Je vous écris comme on jette une bouteille à la mer,
sans être pour autant naufragé.
Je vous écris pour noircir du papier,
pour créer une connexion électrique. »
Julos Beaucarne, Écrit pour vous (p. 22), éditions Duculot, 1982
* SECONDE PARTIE * RÉDACTION (15 points)
Maude semble avoir inventé l’histoire des deux architectes.

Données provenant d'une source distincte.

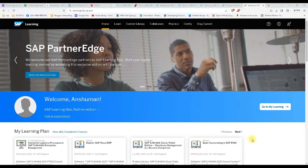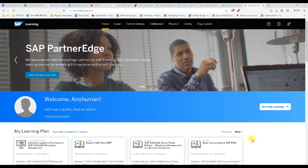Welcome to today's session. Today we are going to discuss things related to the certification exam — how to give the certification exam, how to book for the exam. In the last class we already discussed how you can go for a booking or buy an exam attempt. Today we will cover what things you need to consider before going to the exam.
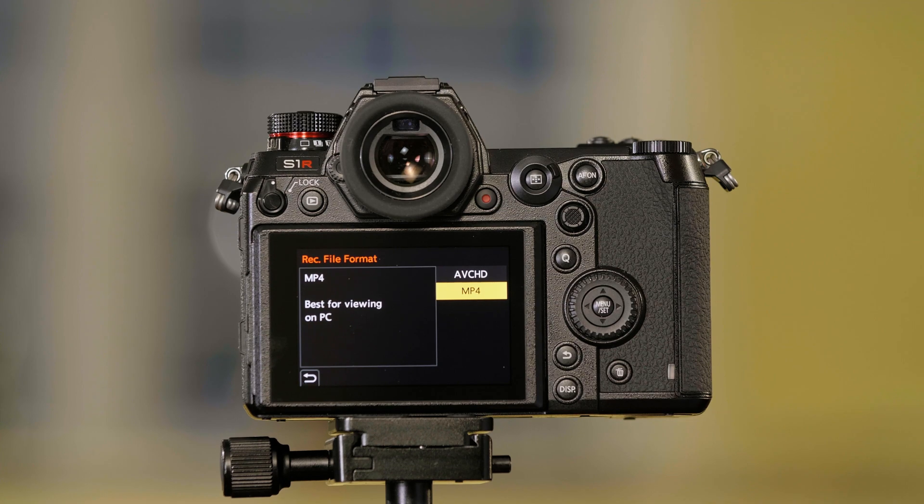Your options are AVCHD or MP4. AVCHD is only going to have HD quality, there'll be no 4K options, and it's going to give you the longest number of minutes per gigabyte of recording time.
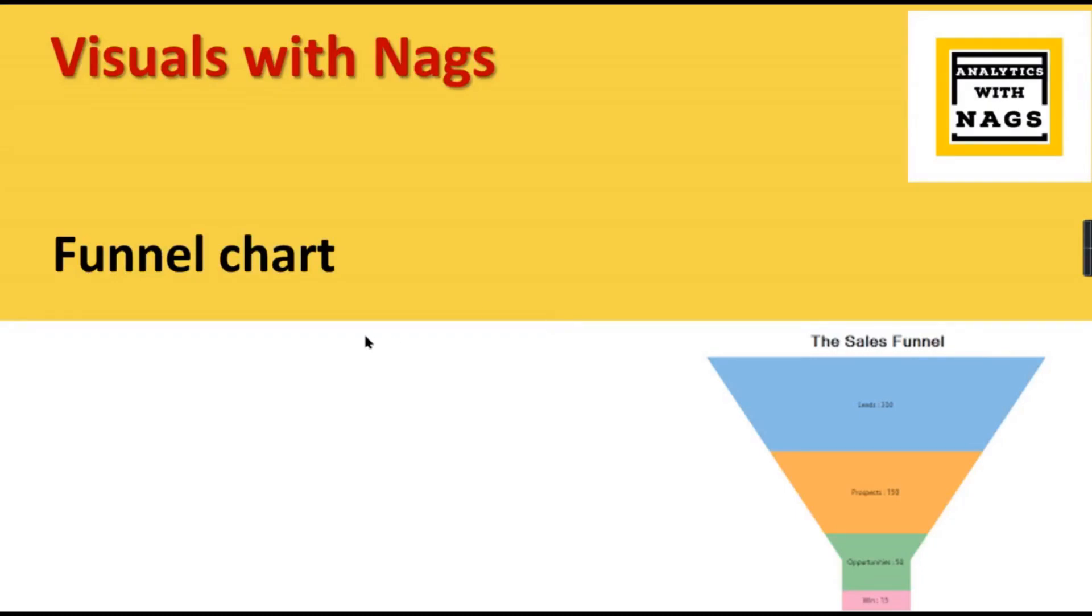Welcome to Analytics with Nacks. This is another video in the Visuals with Nacks series where I'm going to discuss funnel charts. Before getting into today's topic, if you are a regular viewer who is not yet subscribed to our channel, please subscribe and enable notifications because YouTube statistics show that 70% of the viewers of Analytics with Nacks are unsubscribed viewers. So your subscription will give us motivation for the work we do. Also like and share the content if you feel it's worth watching.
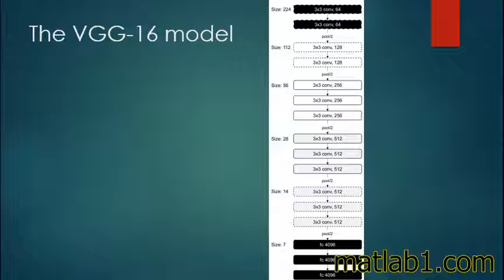This resulted in a decrease in the number of parameters. Though the size is decreasing because of max pooling, the number of filters is increasing with layers.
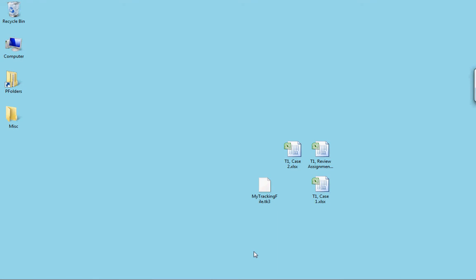To get started, place all of your files in one location, as I have here on my desktop. In this case, I have three Excel documents and my tracking file.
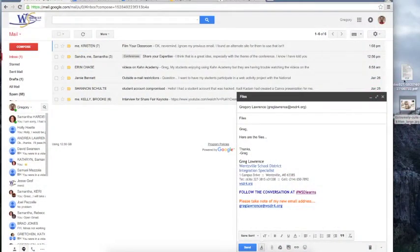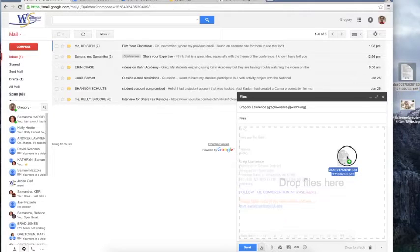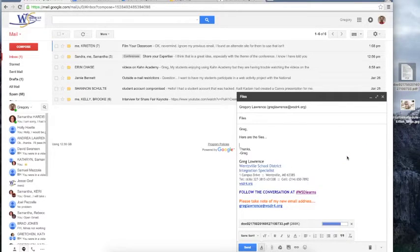Do you have an attachment for your email? Simply drag the file onto your email and let go, and it will upload.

À votre tour, imaginez une autre histoire, destinée à convaincre un personnage de votre choix, pour illustrer l’idée qu’il faut construire plus de ponts que de murs.
Le texte est un récit.
Il cherche à convaincre.
Il illustre effectivement l’idée proposée.

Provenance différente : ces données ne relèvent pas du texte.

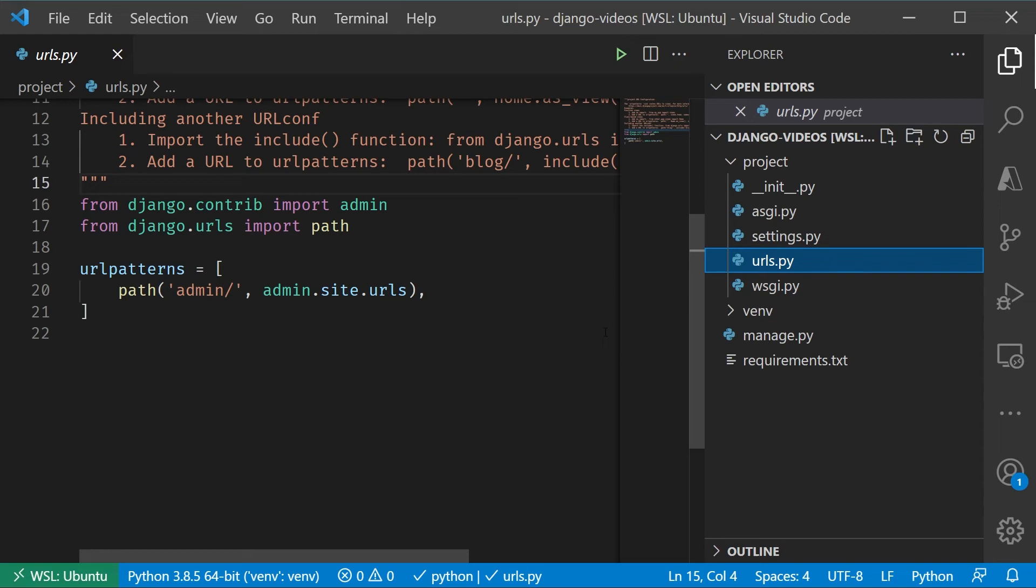And then this will go ahead and dispatch this out either directly to a function or method that needs to be called, or more typically to another routing table, which we'll see in the next video.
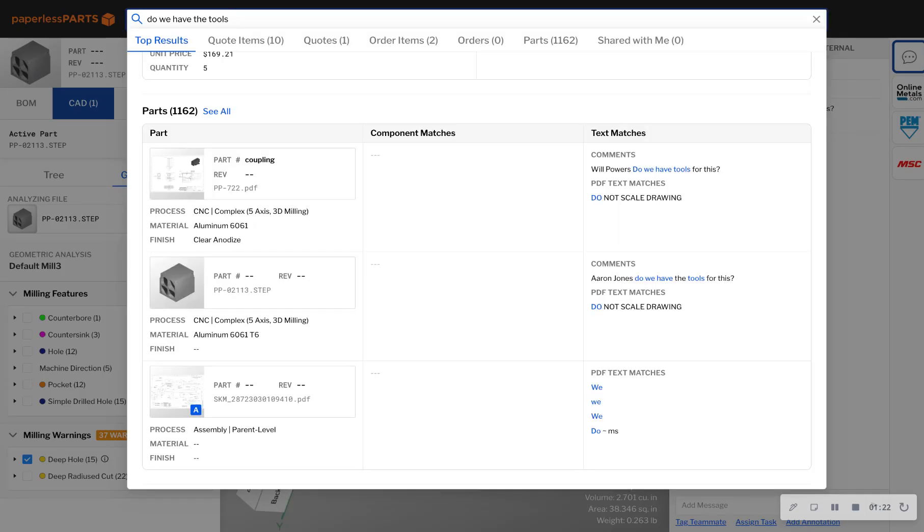And when you receive a response, the full conversation is saved forever and is easy to find in search, making it easier for you to quote similar parts in the future without having to ask the same questions again.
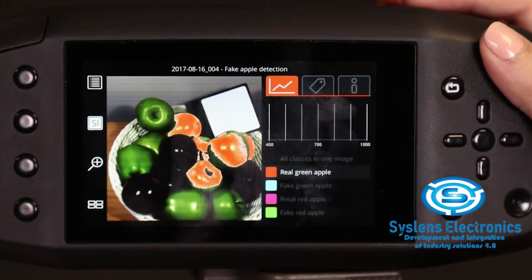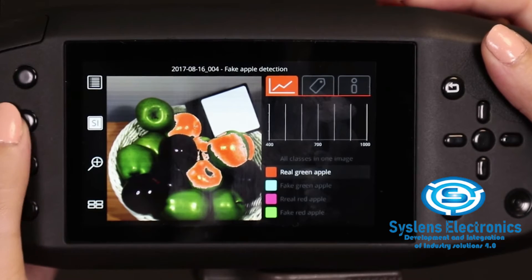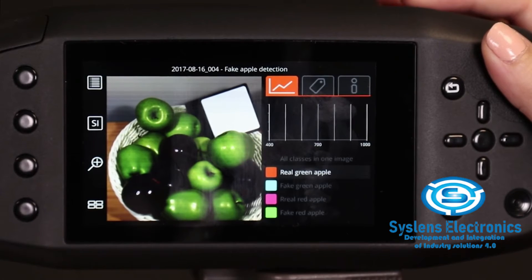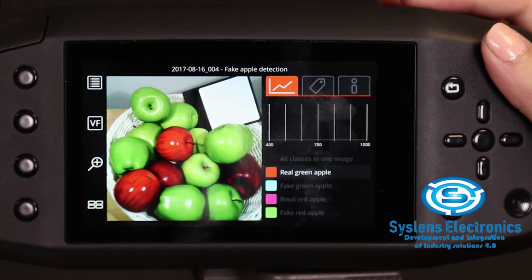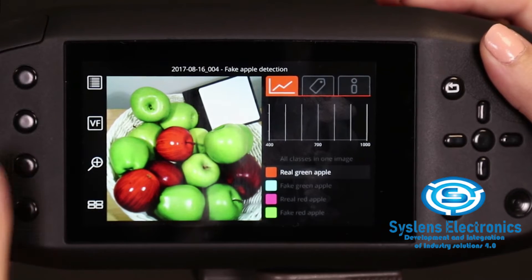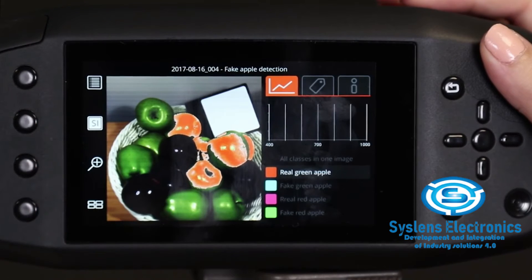With the custom 2 button, we can toggle between different results and backgrounds. As a default, we can see the class mask over the spectral image. Pressing custom 2, the class masks are removed and we can see only the spectral image. Pressing custom 2 again will show us the viewfinder color image, and a fourth press shows only the class mask on top of a black background. Further presses will start to visualize these results in the same order all over again.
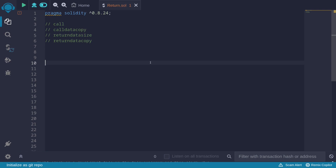In this video, I'll explain how to use the low-level assembly functions: call, calldatacopy, returndatasize, and returndatacopy.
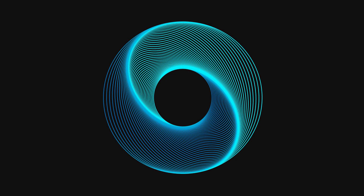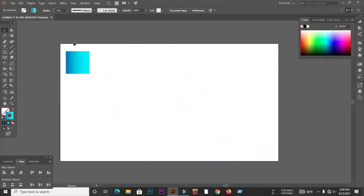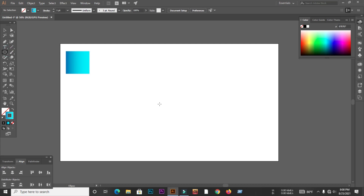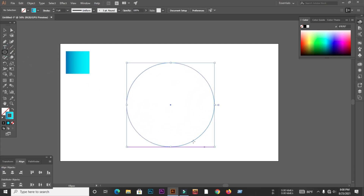Hello viewers, welcome to my channel. In this tutorial I will show you how to create an artistic geometric shape in Adobe Illustrator. So let's start the video. First we go to the ellipse tool and create a circle, then select the circle and give it a stroke.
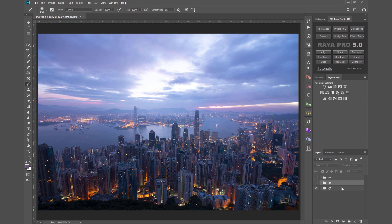Hi guys, Jimmy McIntyre here and welcome to this video where I'll show you three different ways to blend exposures with Raya Pro 5.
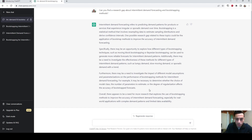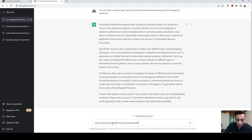Here, I would like to ask: can you be more specific on your second point?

Il s’adresse à quelqu’un de clairement identifié.
Il sera tenu compte, dans l’évaluation, de la correction de la langue et de l’orthographe.
***
ÉLÉMENTS DE CORRIGÉ
LE TEXTE THÉÂTRAL 1. On attend trois remarques parmi celles-ci : l’indication « scène 3 », les didascalies, la mention du nom des personnages, les tirets et le dialogue continu ; le titre de la revue : «L’Avant Scène ».
2. Le présent d’énonciation. La scène fait dialoguer deux personnages dans un moment perpétuellement actualisé par l’instant de la représentation.
3. Le lecteur doit se référer à la didascalie initiale pour comprendre que « Il » renvoie au petit arbre et à la situation du passage pour comprendre que « ici » renvoie à un endroit de la forêt. Pour le spectateur, c’est plus simple, puisqu’il suffit qu’il regarde le décor.
LE PERSONNAGE DE MAUDE
1.a. et b. Il s’agit de l’impératif. Maude considère ainsi l’arbre comme un être, voire comme une personne.
2.a. et b. Nous avons affaire à trois phrases non verbales, averbales, sans verbe (mais pas à trois phrases nominales). Elles traduisent l’enthousiasme de Maude, sa jeunesse d’esprit et de coeur. On peut également observer qu’il s’agit de termes positifs, supposant ou recherchant l’assentiment de l’interlocuteur, pour deux d’entre eux hyperboliques. Nous sommes dans la louange, la célébration.
3.a., b., c. et d. « Vivifiant » signifie : qui donne ou favorise la vie. On trouve «vie» et «vivants» à la l. 5. «Stérile» au contraire signifie : qui ne porte point de fruit, qui ne donne pas la vie et au sens figuré ici : qui ne produit aucune idée. Stérile et vivifiant sont donc en opposition. On peut les considérer comme des antonymes. Maude est un personnage foncièrement positif, qui rejette les considérations qui pourraient limiter son plaisir d’être au monde et sa joie de vivre.
4. « Maude, soixante-dix ans, a rencontré Harold, dix-huit ans », dit la didascalie initiale; or c’est elle qui agit comme quelqu’un de dix-huit ans ! C’est elle qui aime la vie « – J’aime le contact de la terre, et son odeur. Pas vous ? – Je ne sais pas. » (lignes 3 et 4). C’est elle qui s’émerveille «Quelle merveille» (l. 5) ; « la vue est magnifique » (ligne 18) ; « sublime » (ligne 21), qui a faim « j’ai envie de grignoter quelque chose » (ligne 27), qui grimpe aux arbres et qui a une vision positive du monde au point de souhaiter encore le changer…
5.a. et b. L’enfermement est lié aux murs construits par le second architecte. Les ponts sont bien sûr symbole de lien, de relation. Pour Maude, les ponts représentent la vie (cf. début du texte), l’ouverture au monde « partir en visite, découvrir les autres » (ligne 34), et sans doute la liberté «s’arrêter, voler» (l. 34).